In the present study PLV had striking effects on lung expansion as reflected by higher alveolar VV in animals treated with this mode of ventilation. The CV for VV was much higher in the CMV group, indicating a more irregular pattern of alveolar expansion. This is in accordance with functional studies, showing improved lung compliance during PLV (29). However, the presence of interstitial emphysema in two of the PLV-treated animals is somewhat alarming, suggesting that the lungs of some animals in this group were in fact overexpanded. Therefore, further studies should be undertaken to evaluate the effects of smaller PFC filling volumes on both gas exchange and inflammatory response.
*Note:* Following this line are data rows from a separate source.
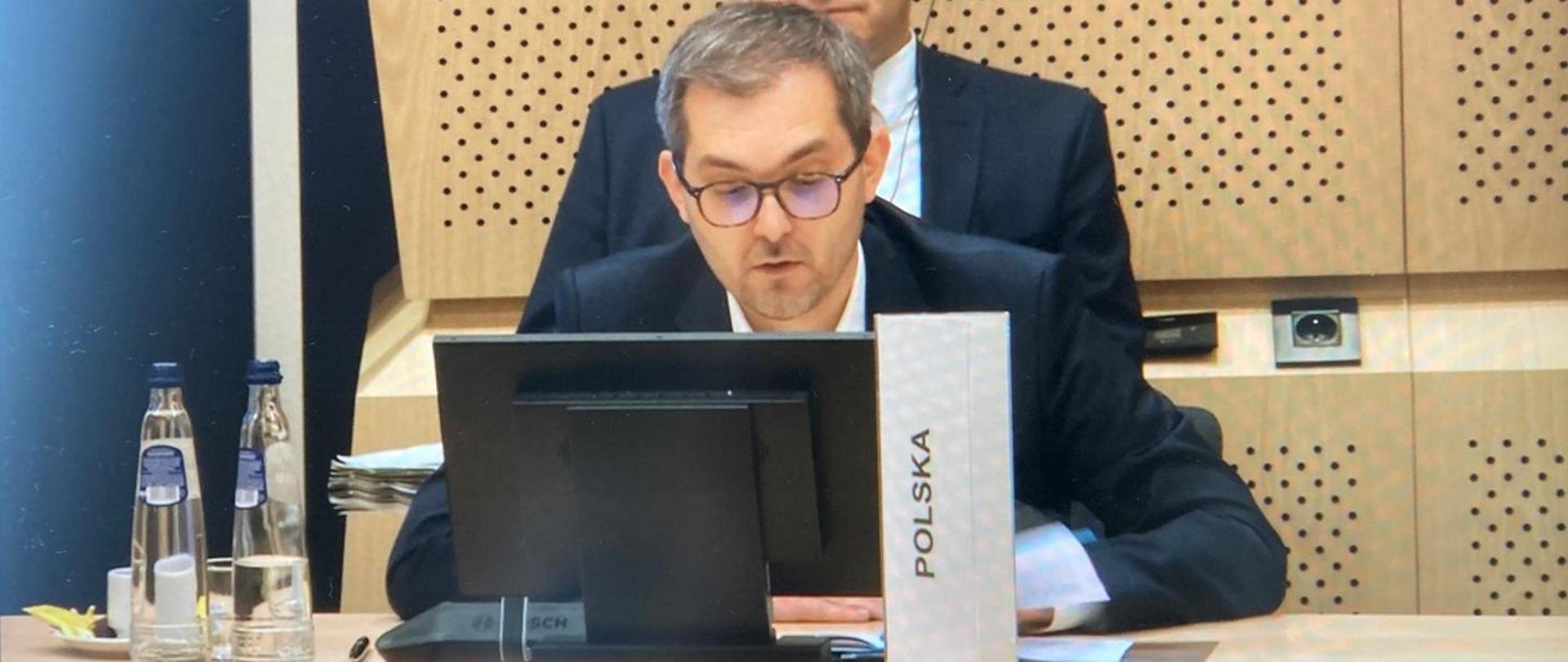 Deputy Minister Marek Niedużak behind a computer screen
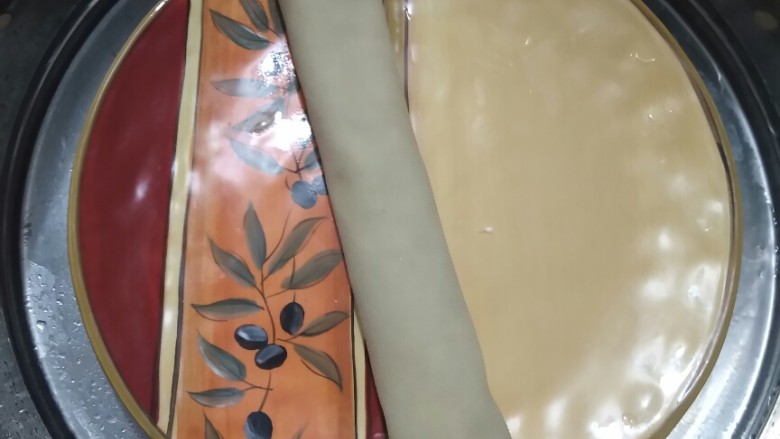 颜值与美味并存的――千张鸡肉卷,将千张卷起,放盘,入锅。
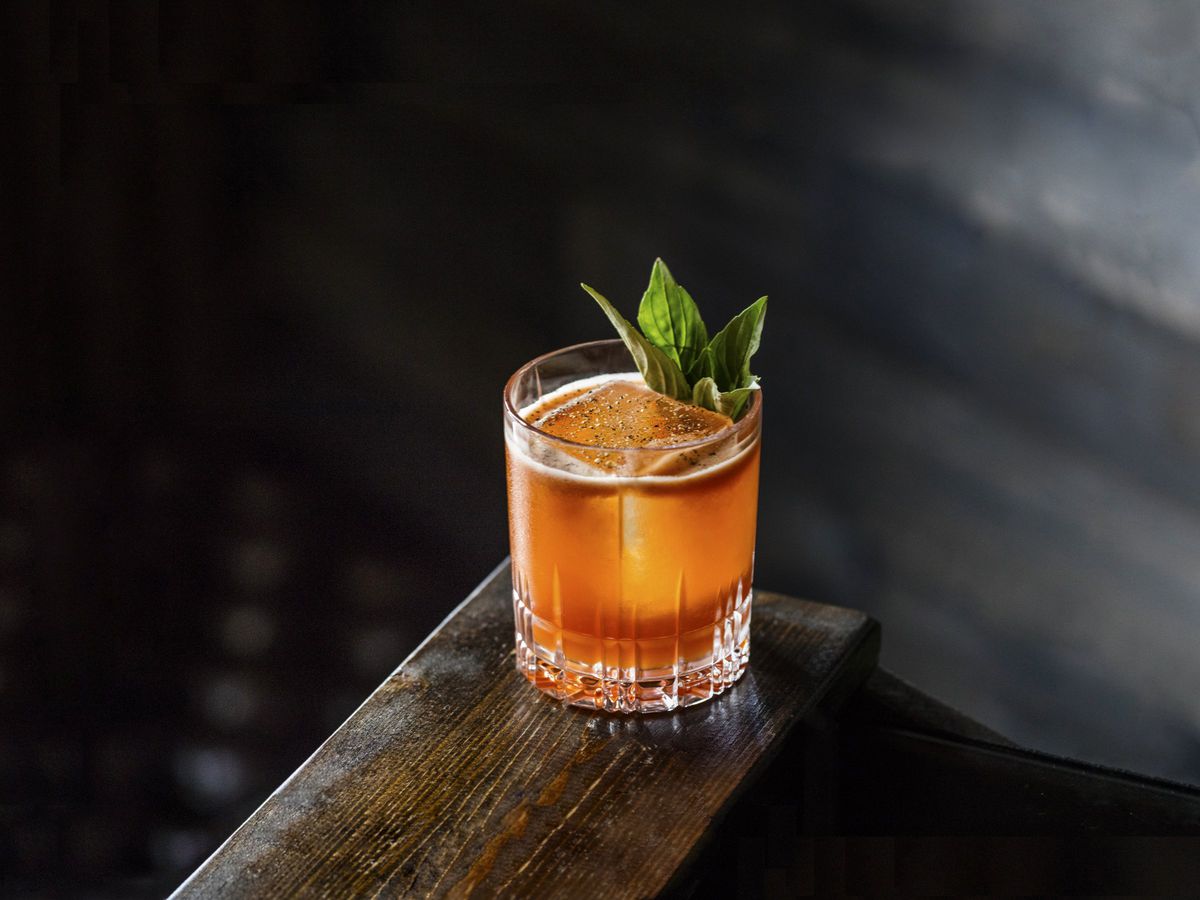 A brown-ish orange cocktail sits on the edge of a table, garnished with mint.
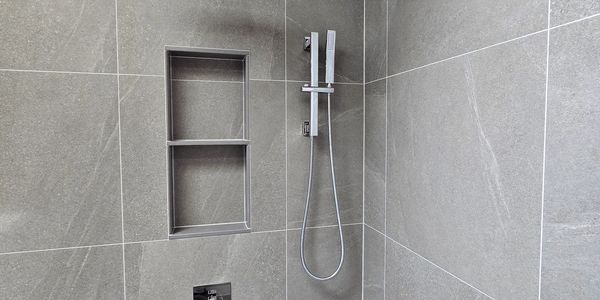 Modern gray tiled shower with built-in niche and handheld showerhead.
Recent reports have suggested that PFC vapor can disturb pneumotachographic measurements of airway flow and tidal volume (30, 31). However, in the present study animals were kept in individual plethysmographs measuring volume displacement in the boxes, and there is no contact between the PFC-containing airways and the Fleisch pneumotachographic tube. Therefore, our tidal volume measurements were not influenced by the effects of PFC vapor.

CONCLUSIONS

The animal model investigated in the present study is similar to clinical neonatal GBS pneumonia. This disease is often associated with surfactant dysfunction and respiratory failure requiring mechanical ventilation (32, 33). In those infants PLV could be considered an alternative to treatment with CMV, despite the less promising clinical results obtained with PLV in adult patients with ARDS. We speculate that PLV might even be useful for prevention of ventilator-induced nosocomial pneumonia. It has been shown in animal experiments that lung tissue concentration of antibiotics can be increased by intratracheal administration of PFC-gentamicin mixtures. This novel approach represents a potential therapy for patients with severe pneumonia (34). These findings, together with data from the literature (16), indicate that PLV might be useful for treatment of patients with severe (neonatal) pneumonia. Clinical studies, however, are needed to clarify this issue.